Assignment:
From the entries below, reproduce exactly the lines from the one with "Ben Touchine Turquoise" through the one with "أتيك لوحة فنية", both included, without images.
START Material to process
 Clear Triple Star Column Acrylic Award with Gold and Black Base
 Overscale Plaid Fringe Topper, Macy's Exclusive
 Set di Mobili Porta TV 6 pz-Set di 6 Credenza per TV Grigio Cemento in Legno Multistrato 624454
END Material to process
START Material to process
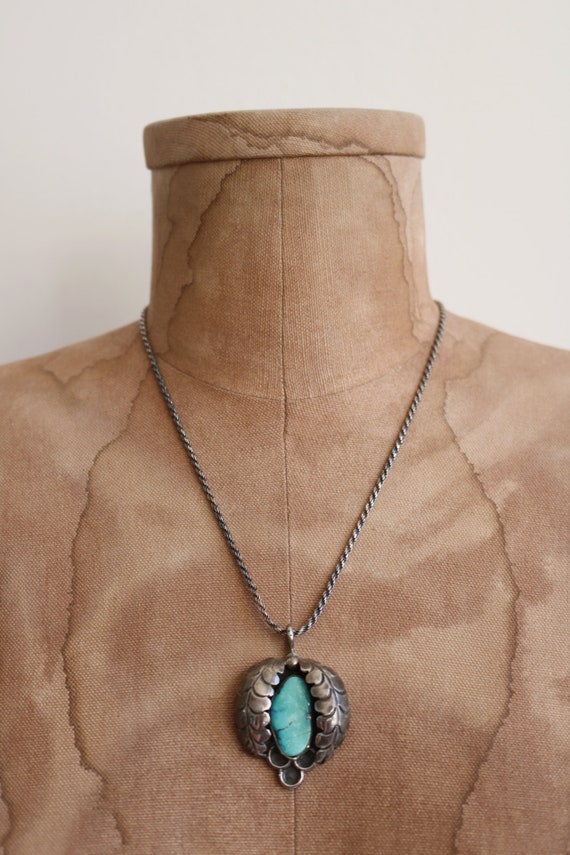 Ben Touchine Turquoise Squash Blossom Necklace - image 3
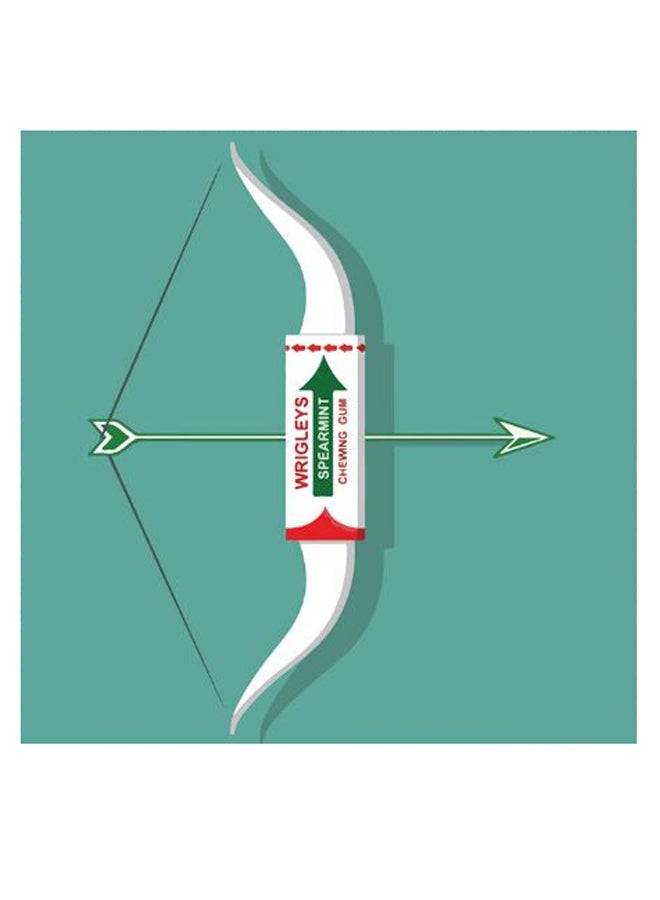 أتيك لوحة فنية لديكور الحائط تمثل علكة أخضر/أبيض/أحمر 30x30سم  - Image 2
END Material to process
START Material to process
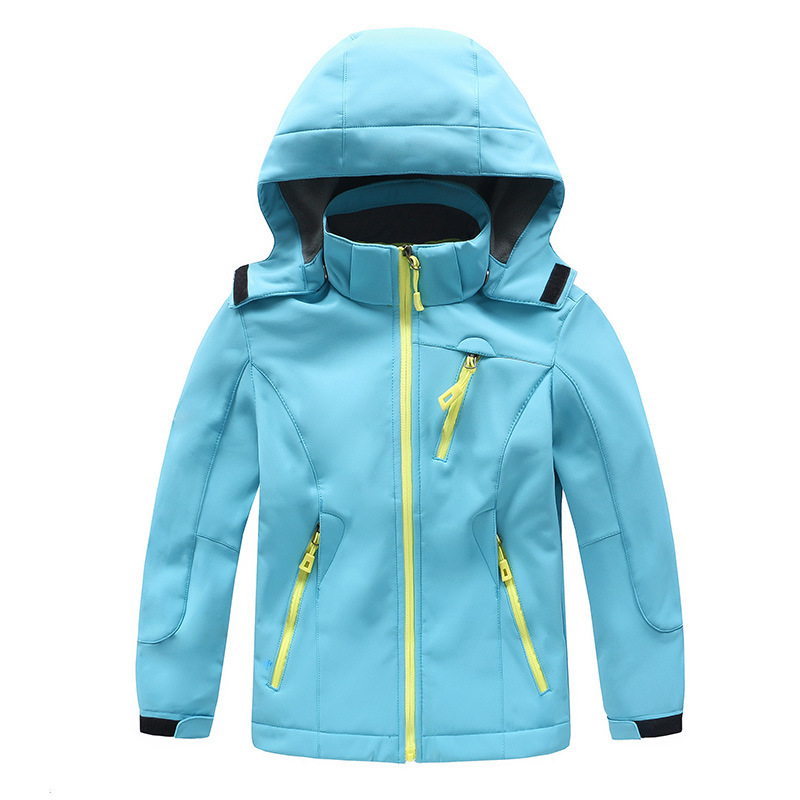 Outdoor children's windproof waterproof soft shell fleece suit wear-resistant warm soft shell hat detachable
END Material to process
Task answer:
 Ben Touchine Turquoise Squash Blossom Necklace - image 3
 أتيك لوحة فنية لديكور الحائط تمثل علكة أخضر/أبيض/أحمر 30x30سم  - Image 2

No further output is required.